• [EXERCISE MATERIAL]:
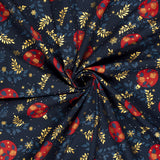 Coton de Noël imprimé boule fond marine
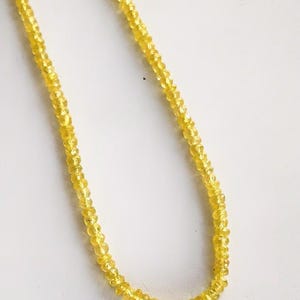 Handcrafted Yellow Sapphire Necklace – 4-5mm Round Faceted Natural Gemstone Strand, Luxury Jewelry for Special Occasions and Birthdays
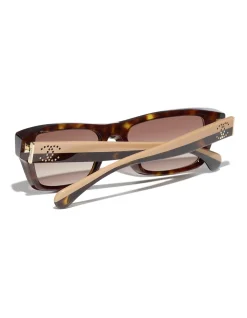 Rectangle Dark Havana Brown Gradient Sunglasses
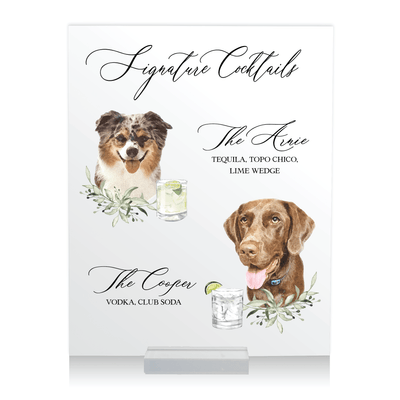 Acrylic Wedding Bar Menu Print -  Pets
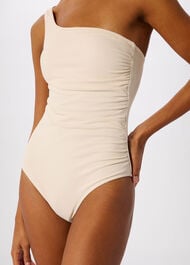 Textured One Shoulder Swimsuit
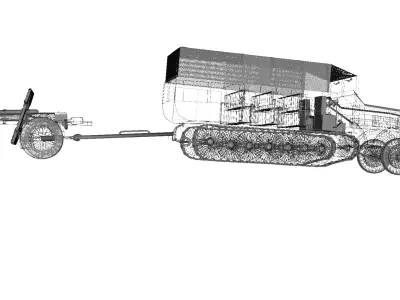 WW2 German Prime Mover Sdkfz 9 with Artillery in tow 3D model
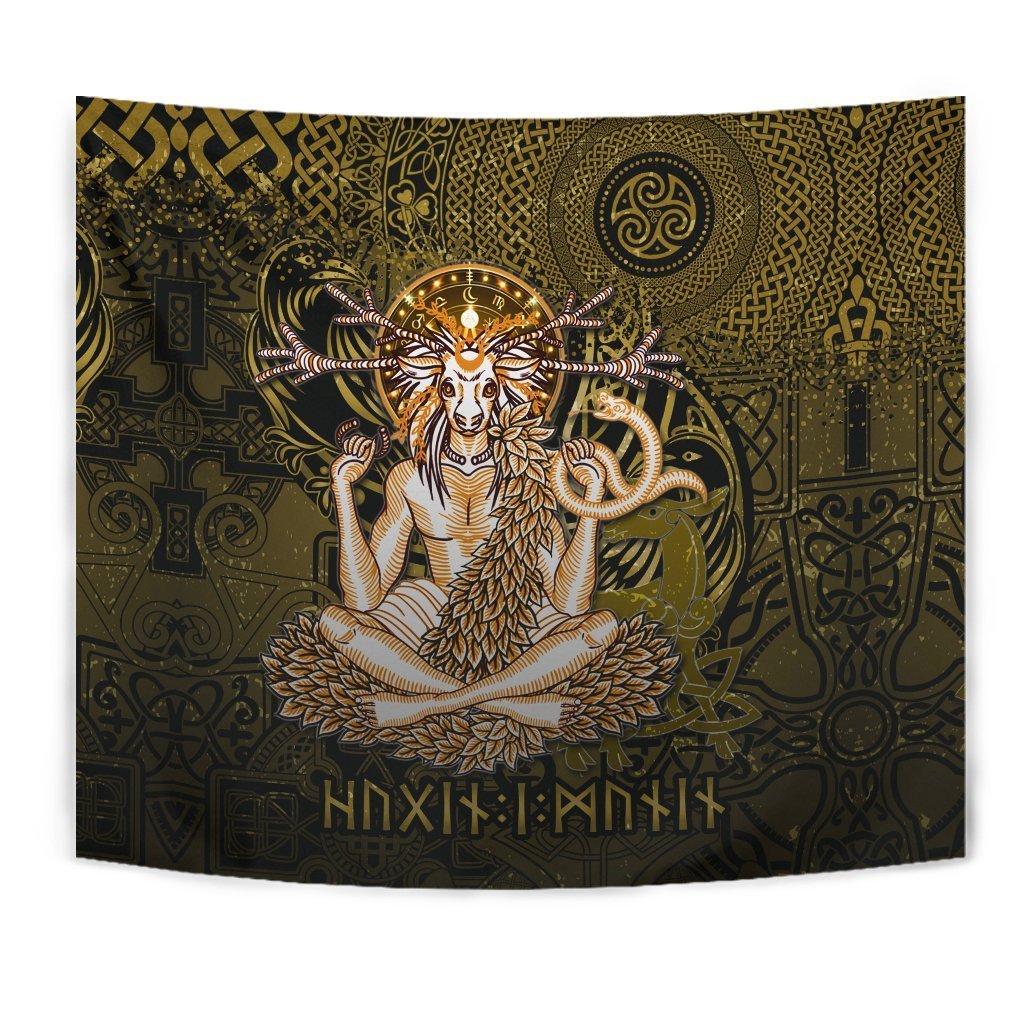 Cernunnos Goddess Tapestry - Celtic God of the Forest - Vibe Hoodie Shop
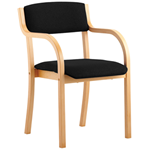 Madrid Wooden Frame Visitor Chair With Arms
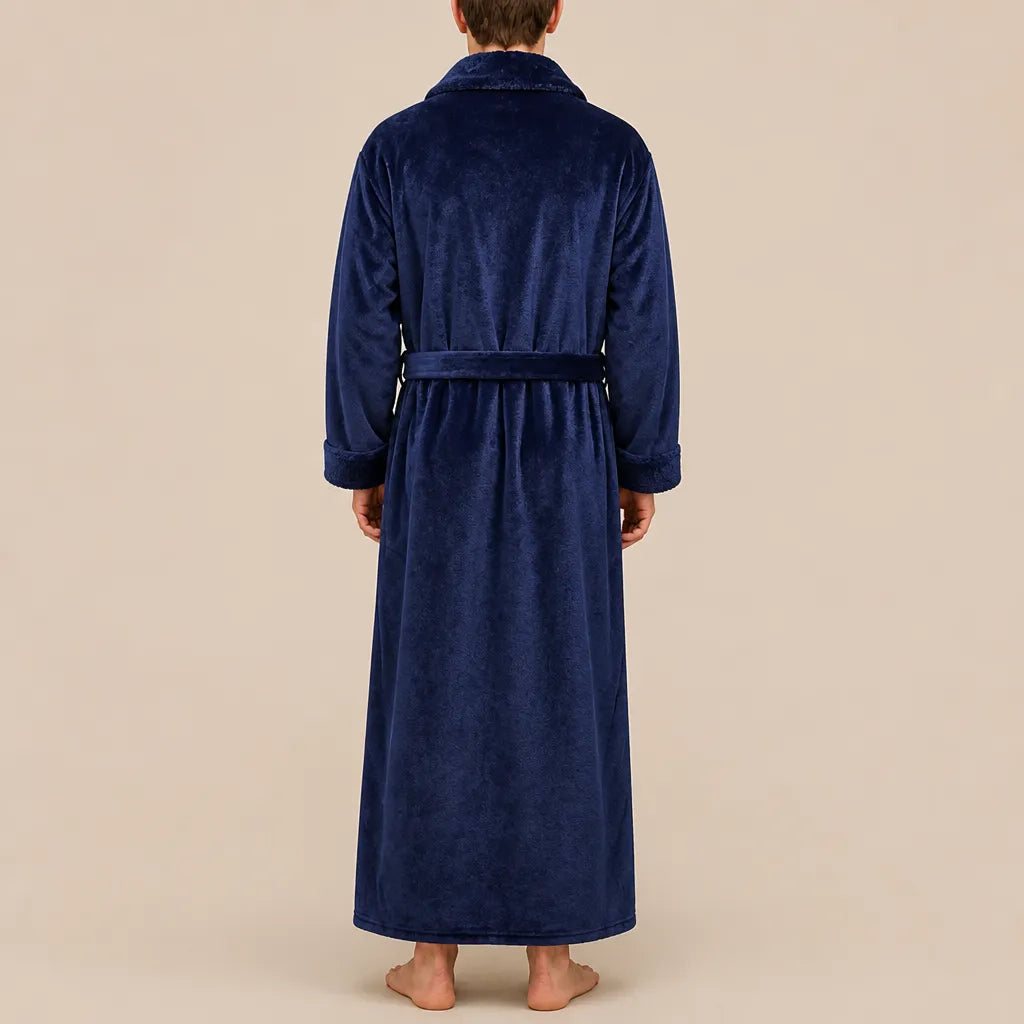 La boutique du peignoir Peignoir Homme Polaire - Velours Col Châle, Bleu Marine
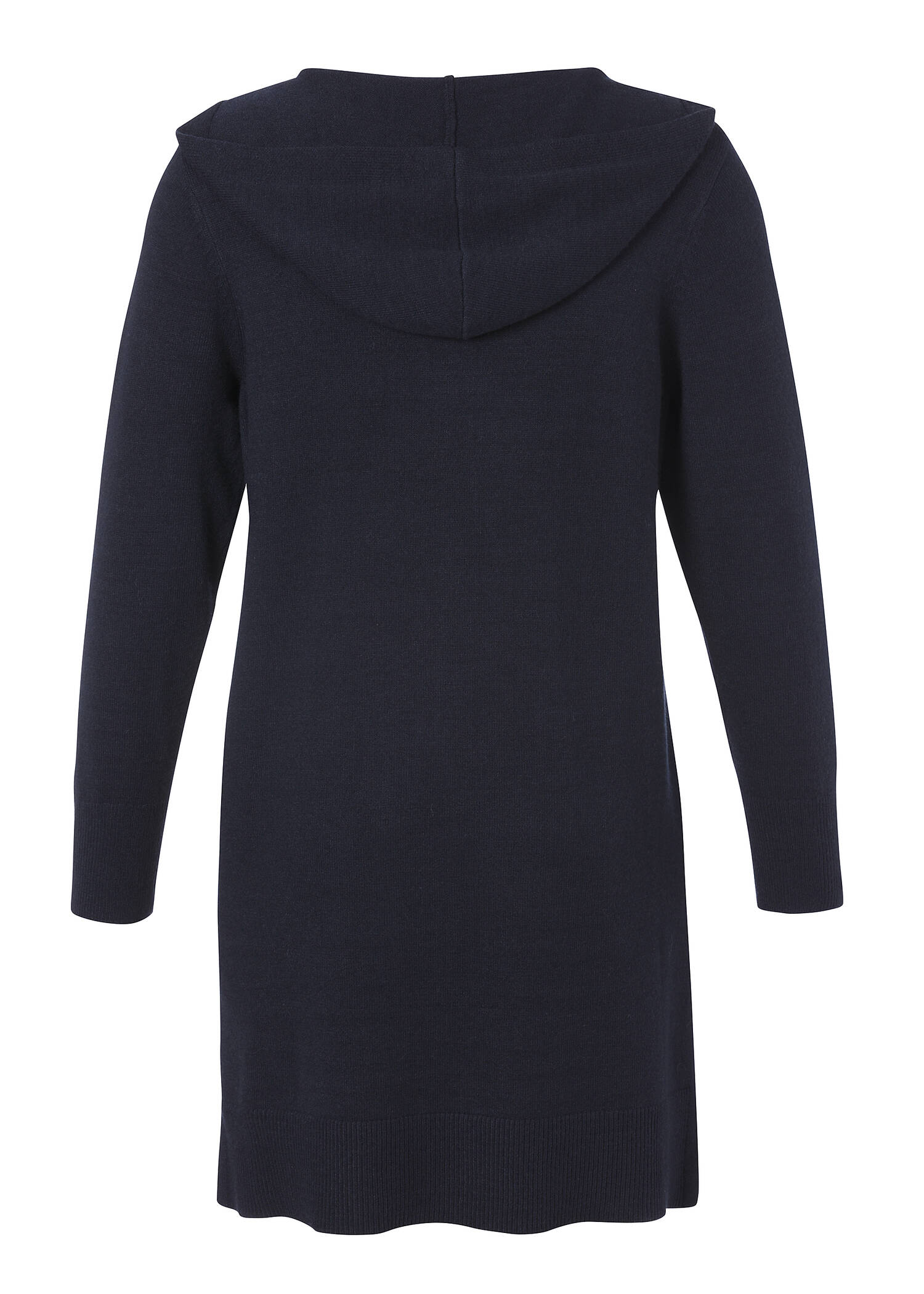 Kurzer Strickmantel / Long-Cardigan mit Kapuze /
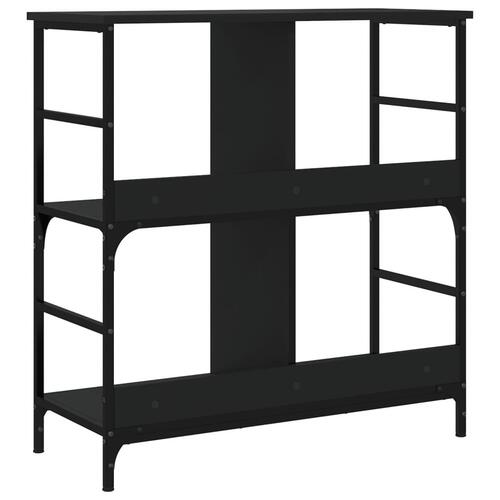 Bogreol 78,5x33x82 cm konstrueret træ sort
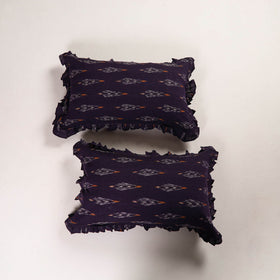 Dark Purple Set of 2 Pochampally Ikat Cotton Frill Pillow Covers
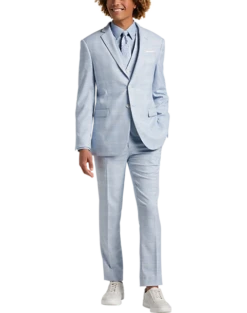 Egara Skinny Fit Suit Separates Coat, Light Blue Plaid -Elite Suit Shop MW40 3XGM 15 EGARA ORANGE LT BLUE PLAID ALT5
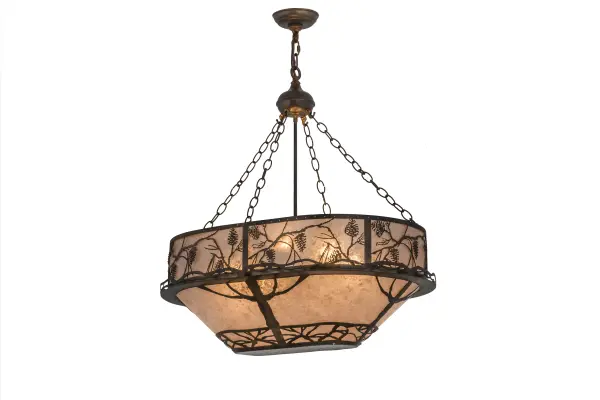 Listen closely. You can almost hear the soft whisper of the pine branches as they dance in the wind on the extended border of the shade and appear to grow tall from the bottom of this dramatic design. Enjoy the ambiance of beautiful light diffused through Silver Mica; which features pinecone and tree branch silhouettes in a Dark Burnished Antique Copper finish. The pendant is handcrafted by Meyda artisans in Yorkville; New York at the foothills of the breathtaking Adirondack Mountains. Custom styles; sizes; colors and dimmable energy efficient lamping options are available. The fixture is UL and cUL listed for damp and dry locations.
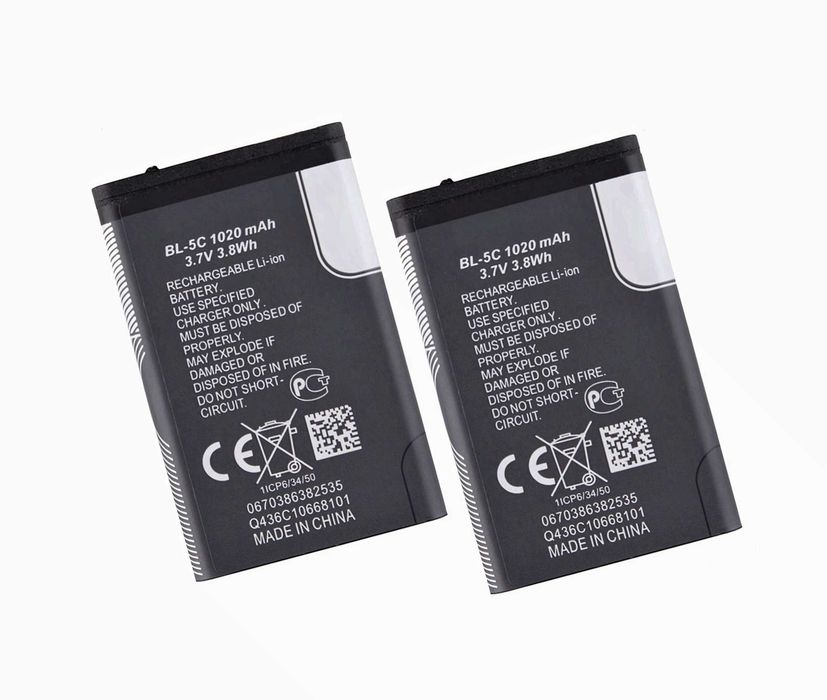 BL-5C Батерия 3.7V 1020mAh Акумулаторна за Телефони Радио Часовници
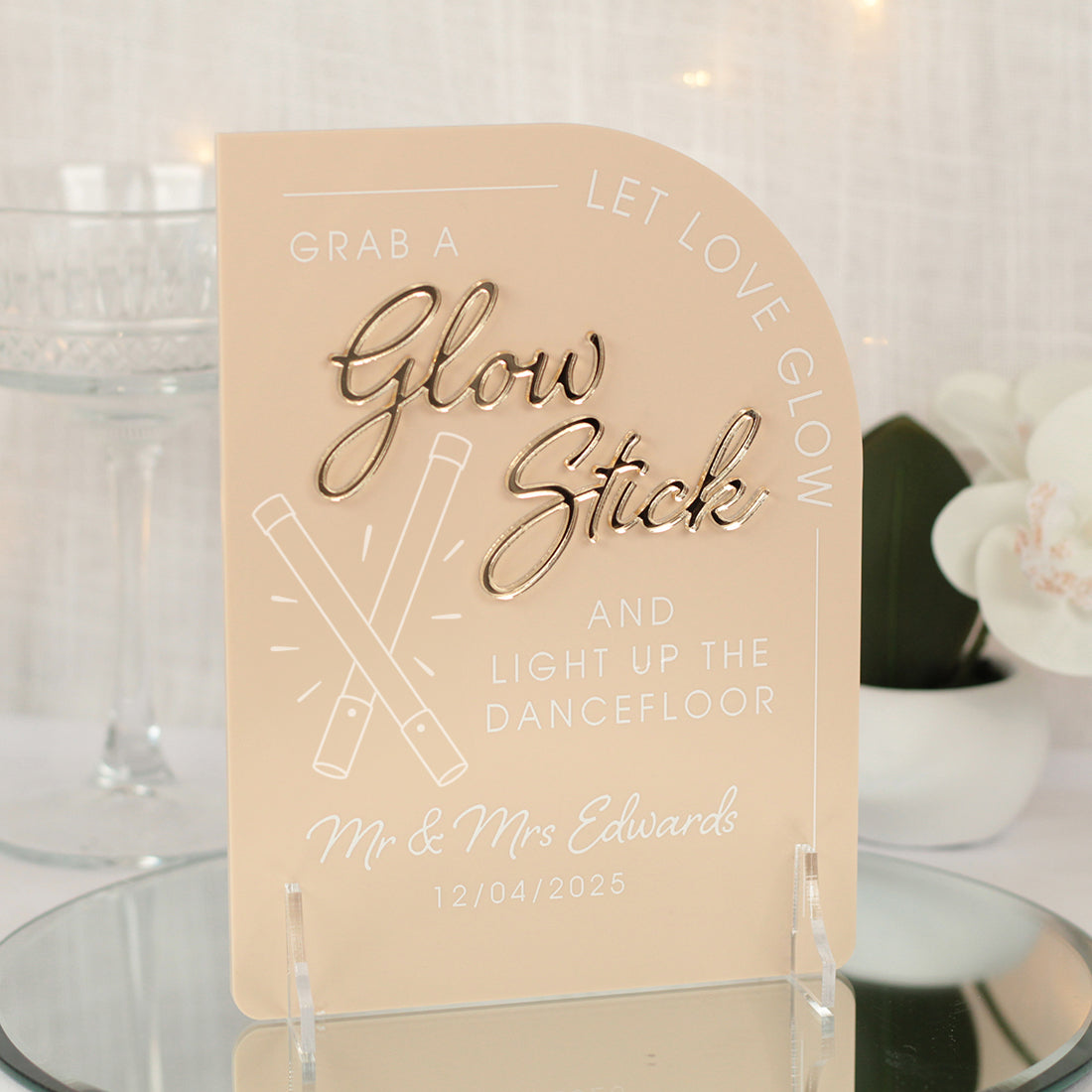 Modern Arch Acrylic Glow Stick Sign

• [PROBLEM DESCRIPTION]:
Starting at the line that holds "Kurzer Strickmantel /", repeat every line through the end of the listing exactly as written, skipping any picture.

• [ANSWER TO THIS TASK]:
 Kurzer Strickmantel / Long-Cardigan mit Kapuze /
 Bogreol 78,5x33x82 cm konstrueret træ sort
 Dark Purple Set of 2 Pochampally Ikat Cotton Frill Pillow Covers
 Egara Skinny Fit Suit Separates Coat, Light Blue Plaid -Elite Suit Shop MW40 3XGM 15 EGARA ORANGE LT BLUE PLAID ALT5
 Listen closely. You can almost hear the soft whisper of the pine branches as they dance in the wind on the extended border of the shade and appear to grow tall from the bottom of this dramatic design. Enjoy the ambiance of beautiful light diffused through Silver Mica; which features pinecone and tree branch silhouettes in a Dark Burnished Antique Copper finish. The pendant is handcrafted by Meyda artisans in Yorkville; New York at the foothills of the breathtaking Adirondack Mountains. Custom styles; sizes; colors and dimmable energy efficient lamping options are available. The fixture is UL and cUL listed for damp and dry locations.
 BL-5C Батерия 3.7V 1020mAh Акумулаторна за Телефони Радио Часовници
 Modern Arch Acrylic Glow Stick Sign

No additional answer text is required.